▸ To do: Given the records below, the lines starting at the line with "Multifunctional 5 in1" and ending at the line with "14K Yellow Gold" should be output exactly, both end lines kept and pictures left out.

▸ Data:
------------
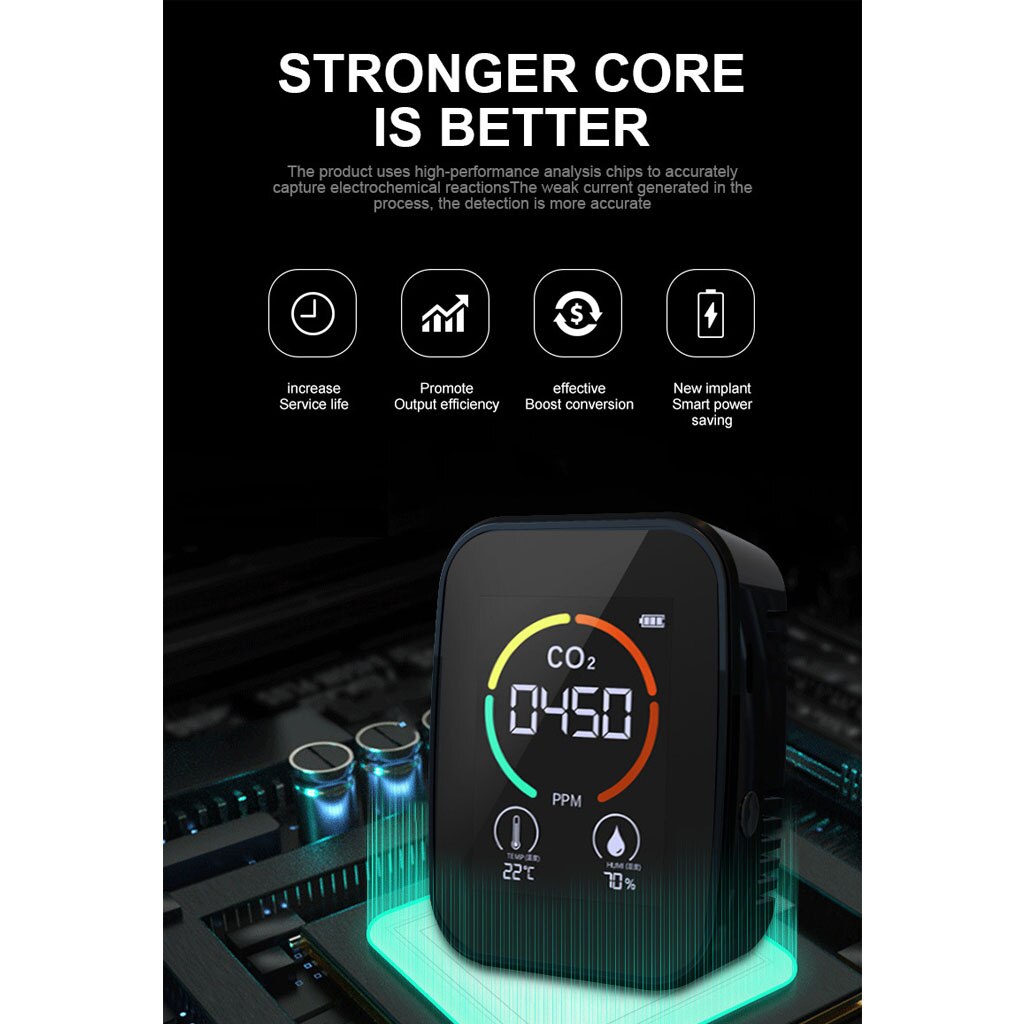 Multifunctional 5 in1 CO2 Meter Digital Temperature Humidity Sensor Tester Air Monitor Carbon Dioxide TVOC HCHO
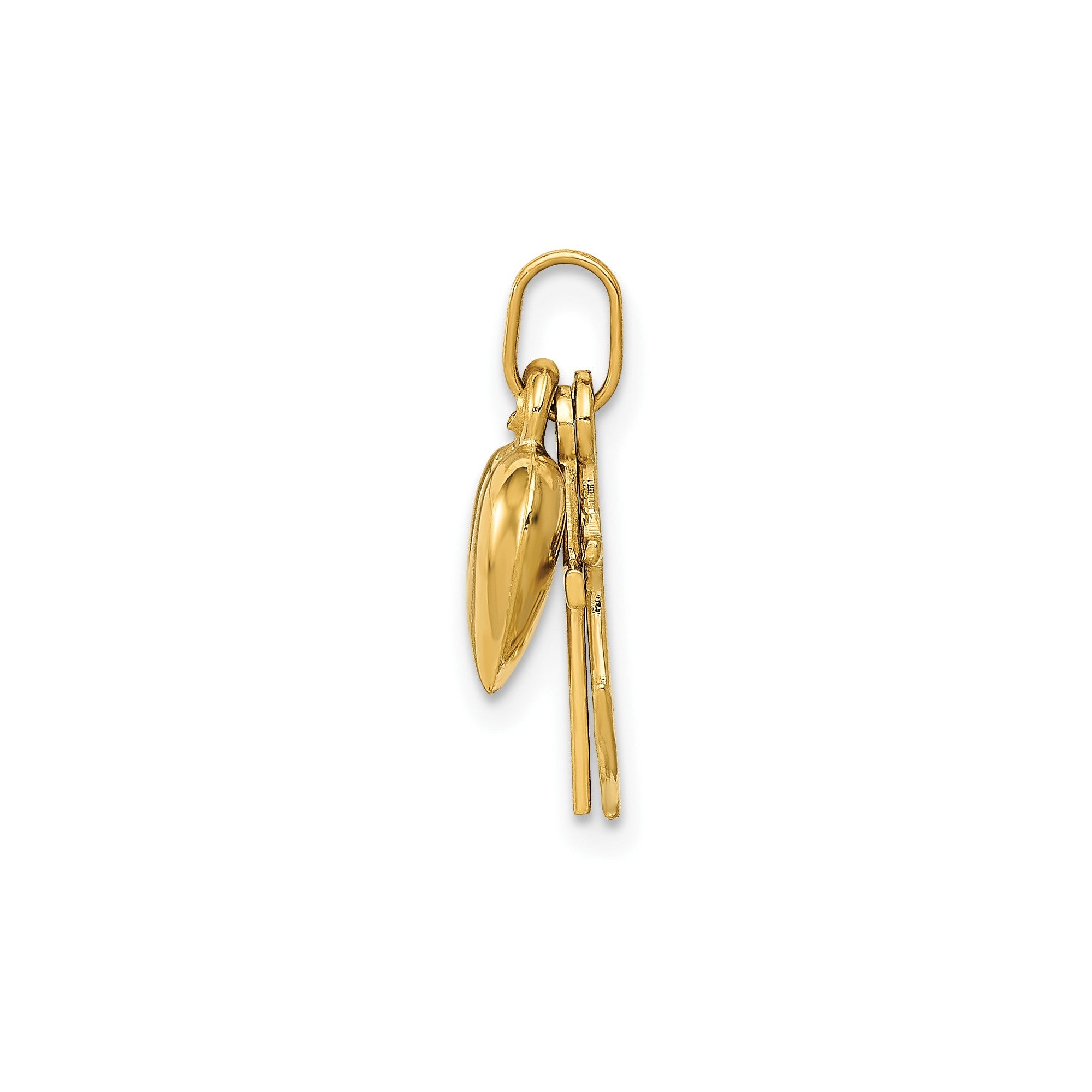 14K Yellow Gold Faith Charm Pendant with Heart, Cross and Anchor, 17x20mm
------------
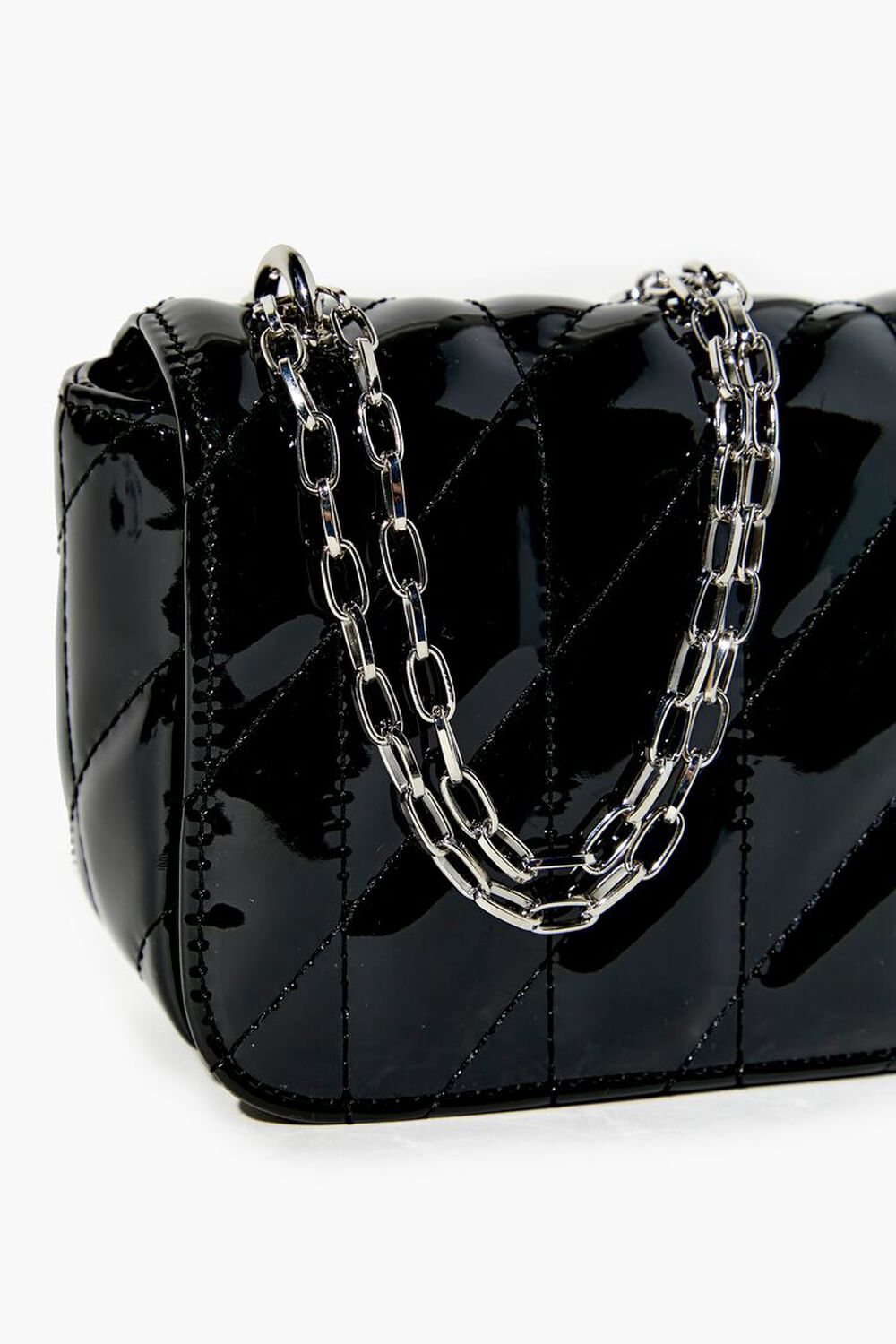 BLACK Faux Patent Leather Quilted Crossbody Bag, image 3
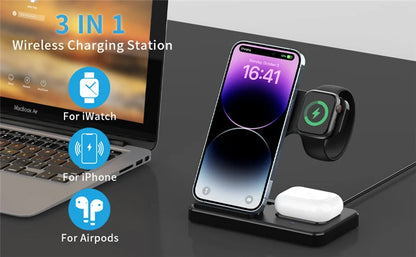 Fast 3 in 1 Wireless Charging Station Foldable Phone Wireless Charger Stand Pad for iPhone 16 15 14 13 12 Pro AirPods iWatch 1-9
------------
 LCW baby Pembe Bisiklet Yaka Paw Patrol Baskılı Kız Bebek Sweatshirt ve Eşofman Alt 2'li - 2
------------
▸ Exercise output:
 Multifunctional 5 in1 CO2 Meter Digital Temperature Humidity Sensor Tester Air Monitor Carbon Dioxide TVOC HCHO
 14K Yellow Gold Faith Charm Pendant with Heart, Cross and Anchor, 17x20mm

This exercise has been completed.